Radiographic features of the Milwaukee shoulder syndrome typically involve evidence of rotator cuff rupture (upward migration of the humeral head); degenerative changes of the humeral head, acromioclavicular joint, glenoid, and scapula; and cystic degeneration of the humeral tuberosities, and pseudoarthrosis formation between the humeral head and acromion process is common. MRI is often used to further define these marked anatomic changes.
As gout and pseudogout are the main differential diagnoses for BCP-related joint disease, serum urate, renal function, and hematinics are often tested. BCP crystal deposition usually occurs in the absence of any detectable metabolic abnormality, but calcium and phosphate levels should always be checked. Recent evidence indicates that high serum phosphate levels seem more likely to predispose to BCP crystal deposition than abnormalities of calcium alone.
BCP Crystals in Synovial Fluid
Aspiration of bursae involved in acute calcific periarthritis often reveals a creamy mixture of calcific and inflammatory matter that resembles chalky toothpaste. In cases of suspected intraarticular BCP crystal deposition, the synovial fluid findings may vary. Gout (negatively birefringent needle-shaped MSU crystals) and pseudogout (positively birefringent rhomboid-shaped CPPD crystals) are generally excluded using compensated polarized light microscopic analysis of a fresh synovial fluid sample. Infection is ruled out by the absence of any organisms and few, if any, pus cells. Fluid from patients with large joint destructive arthropathy is frequently blood stained with low numbers of white cells (predominantly monocytes) and is usually quite viscous.
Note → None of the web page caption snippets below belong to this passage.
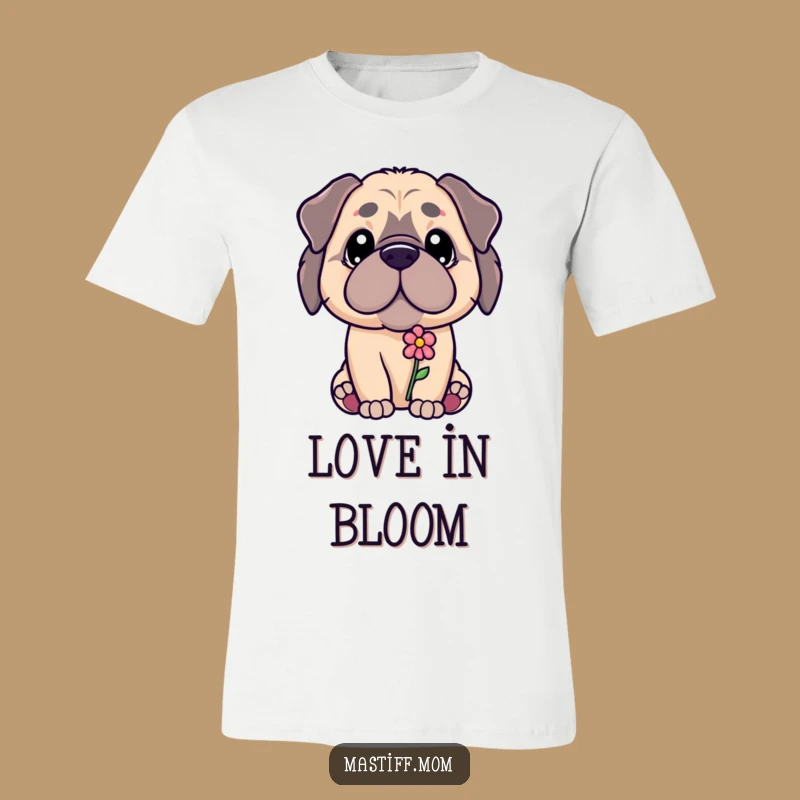 Funny Kawaii Mastiff Flower T-Shirt - Gentle Gift Design, Kind & Humorous Funny Gift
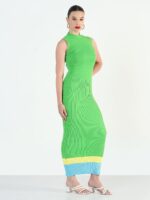 Colourblocked High Neck Ribbed Bodycon Maxi Dress - Image 4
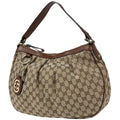 Gucci GG Pattern Ski Shoulder Bag Canvas Brown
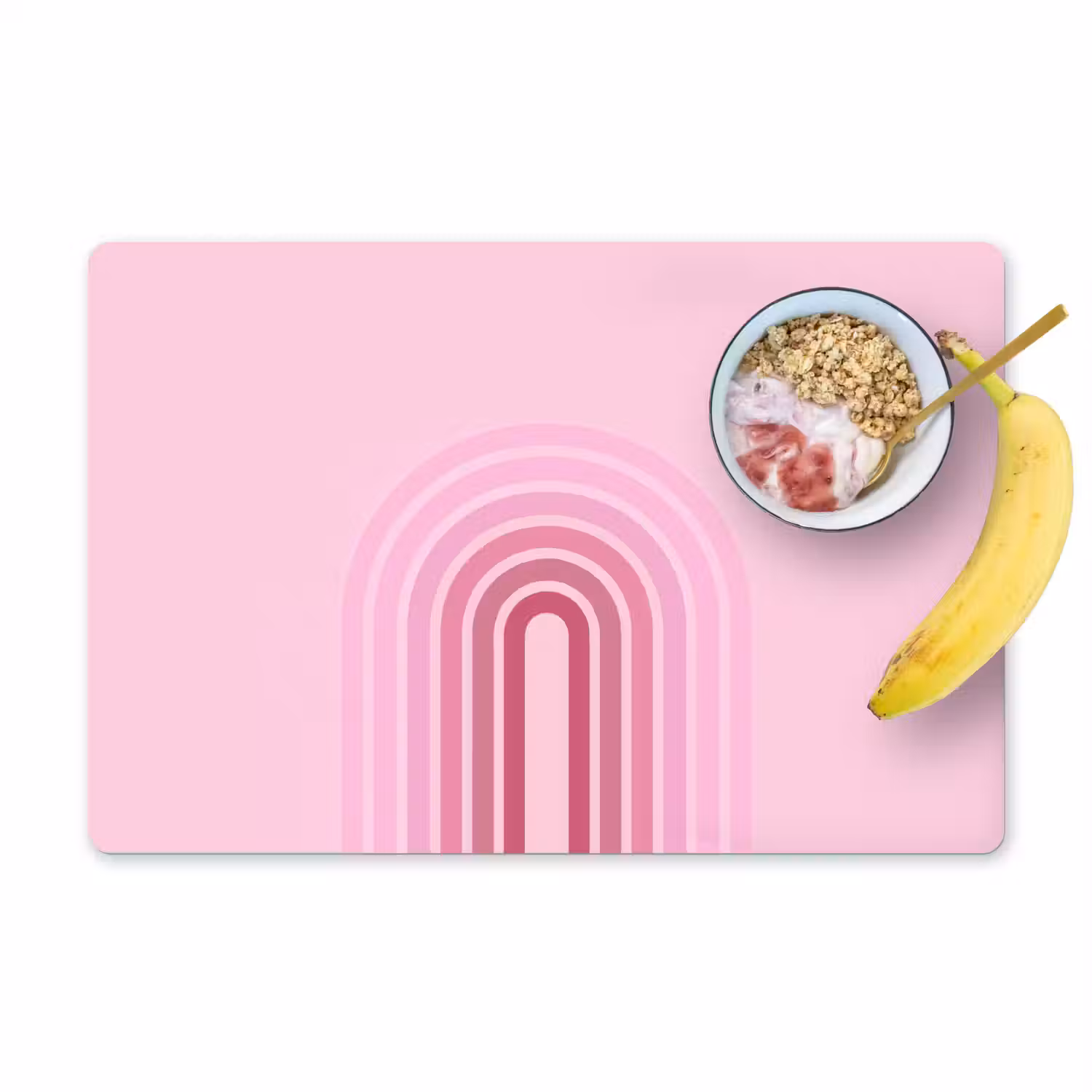 Regenboog - Roze - Abstract - Modern - Minimalistisch Placemat vinyl groot -zzzproduct_Kitchenyeah-website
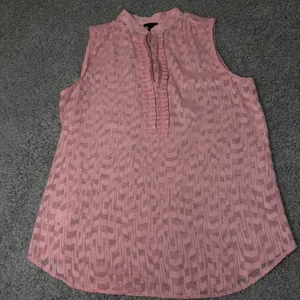 Ann Taylor Pink Burnout Ruffle Split Neck Sleeveless Blouse Top Large thumbnail 1
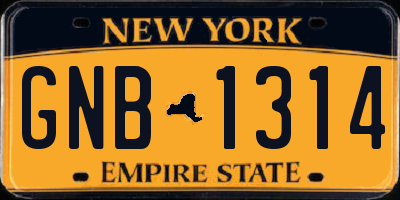 NY license plate GNB1314
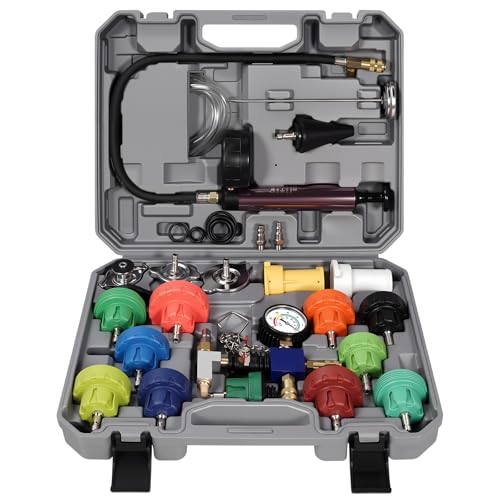 VTG VOGTEN 25PCS Coolant Pressure Tester & Vacuum Refill Kit,Radiator Pump Pressure Tester Kit for Automotive Cooling System Water Tank Leakage Detection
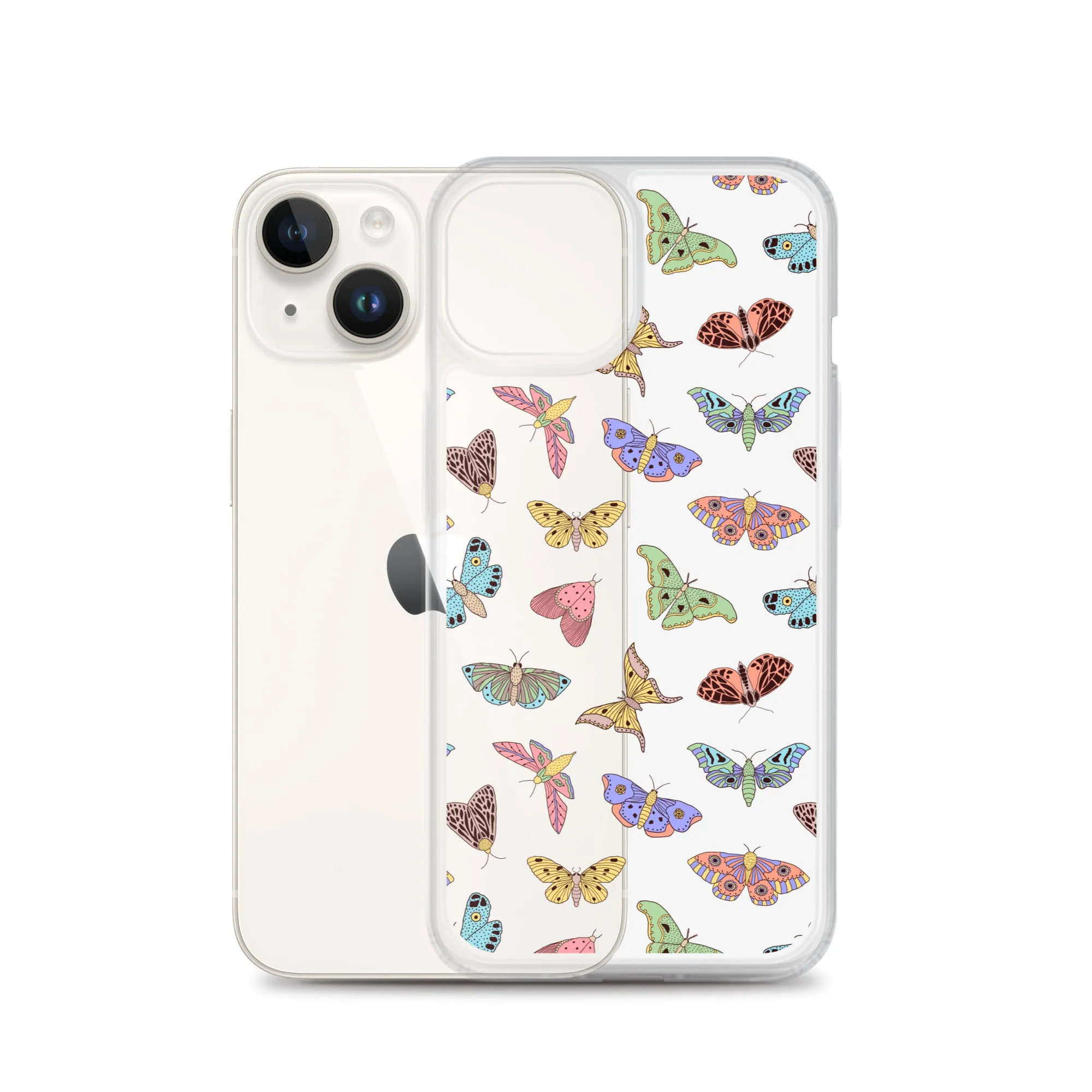 Butterfly Clear iPhone 15 14 13 12 Pro Max Case, Moth Cool Transparent Print Cute Gift Aesthetic iPhone 11 Mini SE XS XR X 7 8 Cell Phone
In light of the emerging pathogenic role of BCP crystals in OA, the identification of these crystals from the synovial fluid of patients with intraarticular pathology is now of much greater importance. Synovial fluid acts as both a lubricant and a source of biochemical nutrients to the relatively avascular articular surfaces. It is a viscous ultrafiltrate of plasma with a high glycoprotein and hyaluronic acid content, and its complex biologic matrix presents significant analytical challenges. BCP crystals are mainly composed of HA, with smaller amounts of its precursors (octacalcium phosphate and tricalcium phosphate). Individual crystals are typically less than 1 μm (20 to 100 nm), and they aggregate in OA synovial fluid to form clumps (5 to 20 μm), which appear as amorphous-looking globules that are nonbirefringent in polarized light. Thus, their presence in joints is often unrecognized.